There are now two important policy drivers for action research on exempt accommodation. These policy changes are stimulating interest from statutory authorities, referral agencies and landlords:
1. The Homelessness Reduction Act 2017
This Act was implemented on April 3rd 2018, three weeks before fieldwork for the Phase One project began. This Act is the biggest change to the rights of homeless people for over fifteen years and for the first time bolsters and enhances statutory duties towards those who would previously have been deemed ‘non priority’ or ‘single homeless’ and provided with minimal to no advice and support. The Act introduces a ‘duty to prevent’ homelessness and a ‘duty to relieve’ homelessness and places an emphasis on prevention, joint working and more person-centred or client-focussed casework.

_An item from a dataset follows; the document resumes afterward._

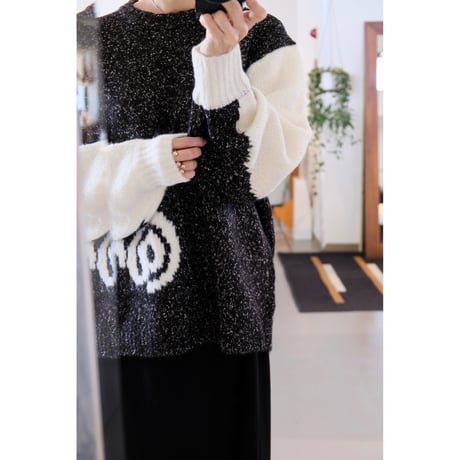 Thomas magpie   knit “WH@T”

From October 2018, the Act will introduce a ‘duty to refer’, placing a duty on a range of statutory agencies to refer, with consent, those identified as at risk of homelessness within 56 days to the local authority of that individual’s choice. This will significantly increase the already high demand from multiplicity of agencies to secure access to private rented sector accommodation in the city for their clients.

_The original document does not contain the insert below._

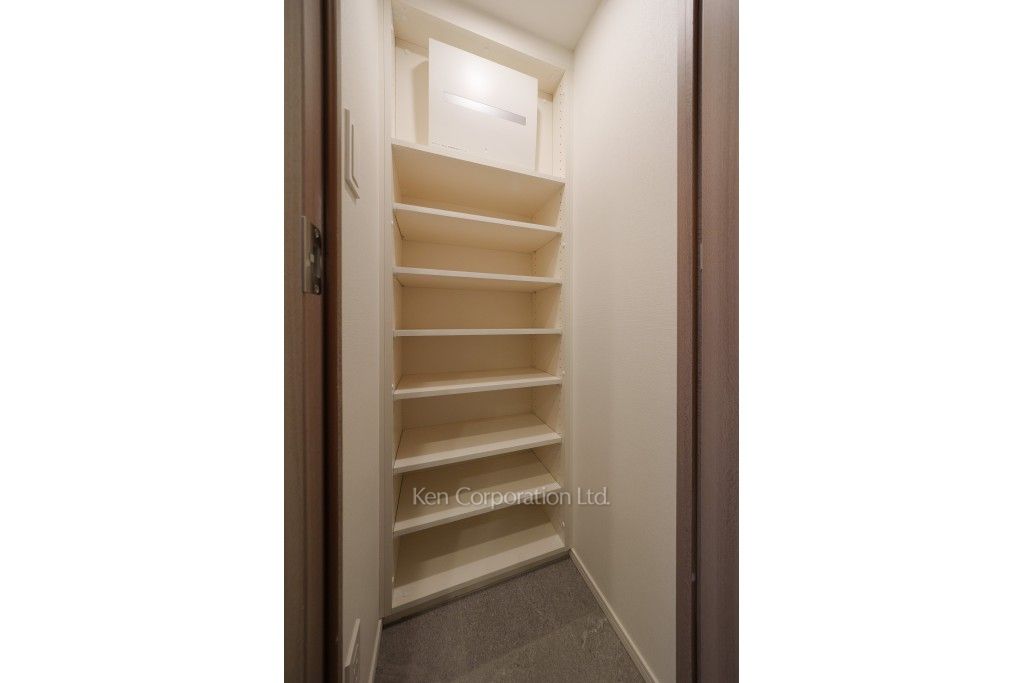 ザ・パークハビオ目黒プレイスの写真 シューズインクローゼット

Carrying out the project at an early stage of implementation for such a significant piece of legislation has provided a fascinating and timely dimension to the fieldwork, allowing for the incorporation of a wide range of reactions, considerations and views towards emerging policy and practice change brought about by the Act. Although it is too early during the Act’s implementation to establish an evidence base of impact, it is likely that reformed ways of working and engagement will impact upon referral processes, local authority engagement with the ‘exempt’ sub-sector, stakeholder responses to ‘single homeless’ client groups and the role of supported, exempt HMOs within an individual’s housing ‘plan’ or ‘pathway
Brill, C. (2017, April 27). Homelessness Reduction Act receives Royal Assent
2. Consultation Paper and Response on Funding Supported Housing
In August 2018 the Government announces the proposed development of a ‘robust oversight regime’ for supported housing together with a full review of how housing and support currently fit together. The latter is being led by the Ministry of Housing Communities and Local Government following a series of consultations between 2016 and 2018 on the future funding of supported housing.

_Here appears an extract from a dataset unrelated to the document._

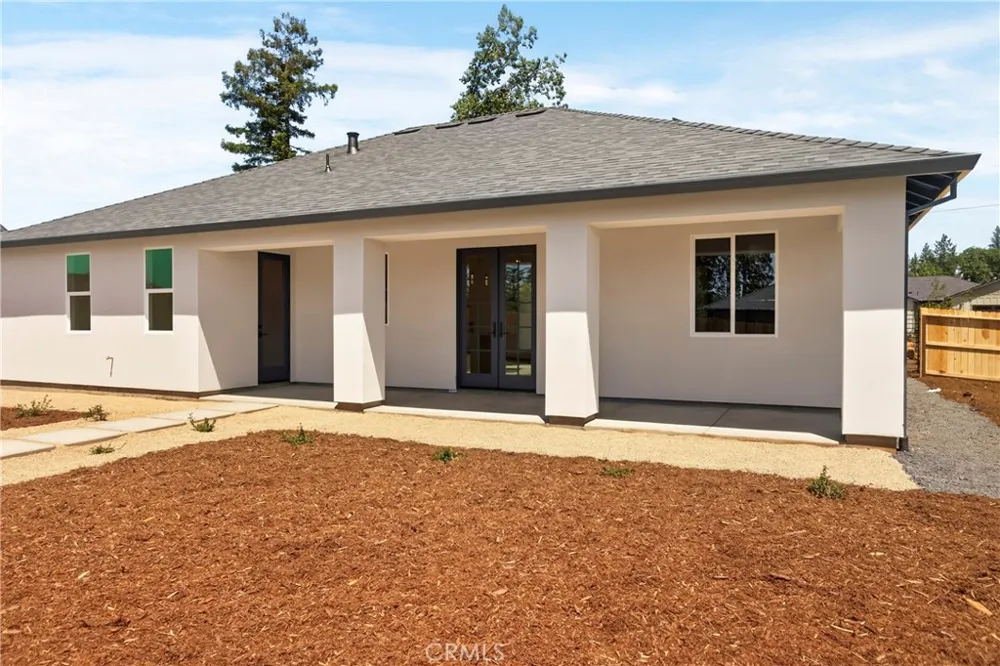5871 Crestmoor Drive Paradise, CA 95969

Funding Supported Housing: Policy Statement and Consultation (PDF)
2018 Policy Response
Proposed Funding changes to supported housing from 2020
NB: During the fieldwork for Phase One, the proposals outlined below were expected to be implemented by 2020. However, on August 9th, 2018 the government announced a reversal of their proposals, stating that funding for all supported housing would remain within the existing benefits system.
The original proposed changes would have had a significant impact on the ‘exempt’ sub-sector in Birmingham. Before August 2018 it had been expected that the funding for all accommodation providing a level of care, support and supervision, and classed as ‘short term’, would be removed from the Housing Benefit system, with the relevant budgets devolved by the Department of Work and Pensions to local authorities to administer based on a much more comprehensive needs assessment than has operated hitherto. This policy change would have had a wide-ranging impact on the ‘exempt’ accommodation sub-sector in Birmingham, bringing what is currently a largely disjointed, hidden and relatively unregulated sector under the purview of the local authority. Such a significant potential policy change meant that the current and proposed research and good practice work around this sub-sector would have direct relevance for the new funding regime expected by April 2020.
The policy reversal in August 2018 does not lessen any of the underlying concerns about the sector but does change the potential mechanisms for reform. Our work to date has allowed for the incorporation of the thoughts, considerations and hopes of a large range of stakeholders. Later stages of the project will build on the stakeholder perspectives currently being analysed (which include resident and landlord perspectives) and will aim to provide a direct voice for residents in monitoring and improvement of support and property management standards and a collaborative vehicle for peer improvement by landlords alongside the anticipated improved arrangements for commissioning and regulation of the sector.